** Opening Data records block **
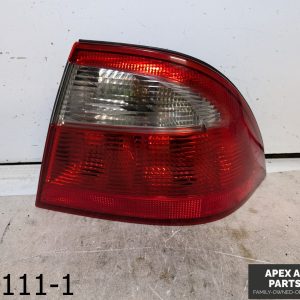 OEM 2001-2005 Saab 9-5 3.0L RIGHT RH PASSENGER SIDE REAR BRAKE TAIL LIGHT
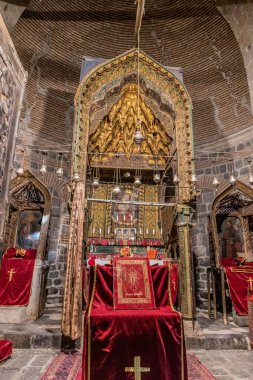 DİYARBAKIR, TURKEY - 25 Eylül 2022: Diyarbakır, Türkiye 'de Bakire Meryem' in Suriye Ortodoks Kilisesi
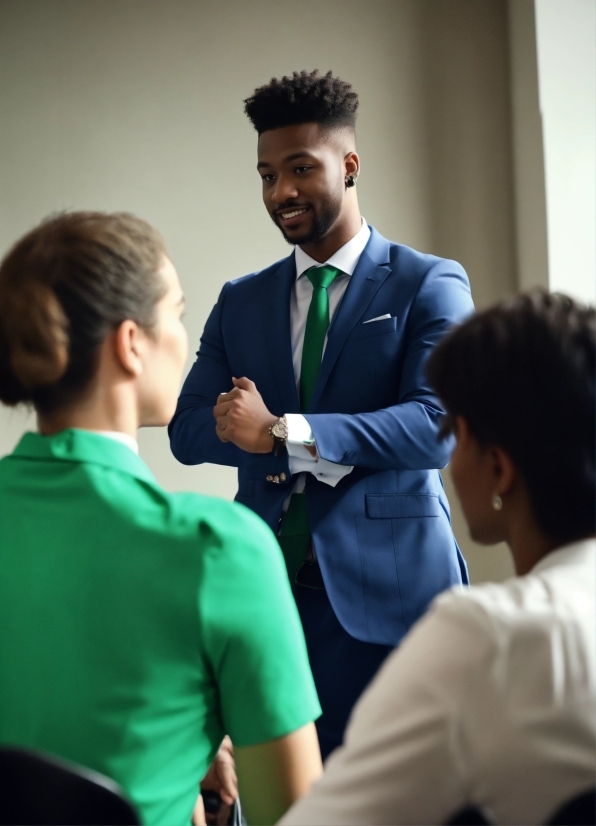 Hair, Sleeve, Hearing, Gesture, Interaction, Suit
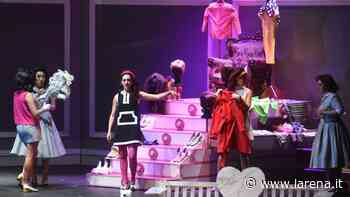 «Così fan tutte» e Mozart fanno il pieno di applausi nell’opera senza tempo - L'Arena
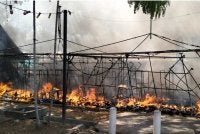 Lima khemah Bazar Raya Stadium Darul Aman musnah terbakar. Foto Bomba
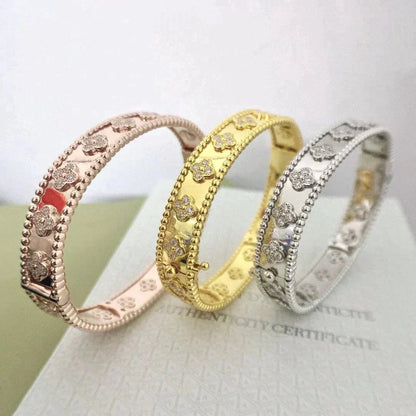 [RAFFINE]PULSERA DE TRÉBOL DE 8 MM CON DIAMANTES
** Closing Data records block **
** Opening Data records block **
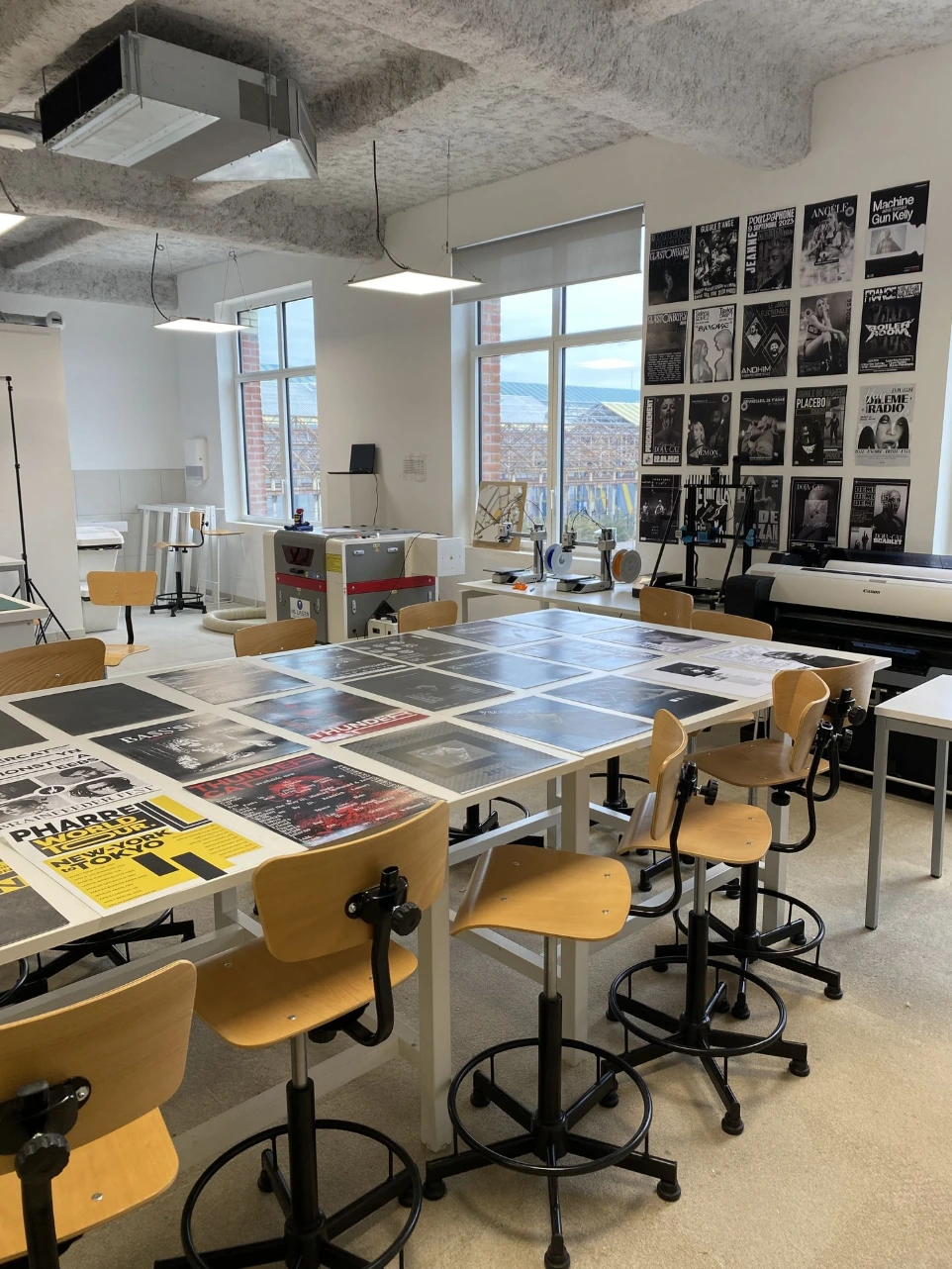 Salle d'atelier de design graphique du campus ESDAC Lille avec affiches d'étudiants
** Closing Data records block **
**Problem:**
Could you transcribe exactly the entries above, but only the lines from the one with "OEM 2001-2005 Saab" through the one with "[RAFFINE]PULSERA DE TRÉBOL", and without pictures?

**Exercise result:**
 OEM 2001-2005 Saab 9-5 3.0L RIGHT RH PASSENGER SIDE REAR BRAKE TAIL LIGHT
 DİYARBAKIR, TURKEY - 25 Eylül 2022: Diyarbakır, Türkiye 'de Bakire Meryem' in Suriye Ortodoks Kilisesi
 Hair, Sleeve, Hearing, Gesture, Interaction, Suit
 «Così fan tutte» e Mozart fanno il pieno di applausi nell’opera senza tempo - L'Arena
 Lima khemah Bazar Raya Stadium Darul Aman musnah terbakar. Foto Bomba
 [RAFFINE]PULSERA DE TRÉBOL DE 8 MM CON DIAMANTES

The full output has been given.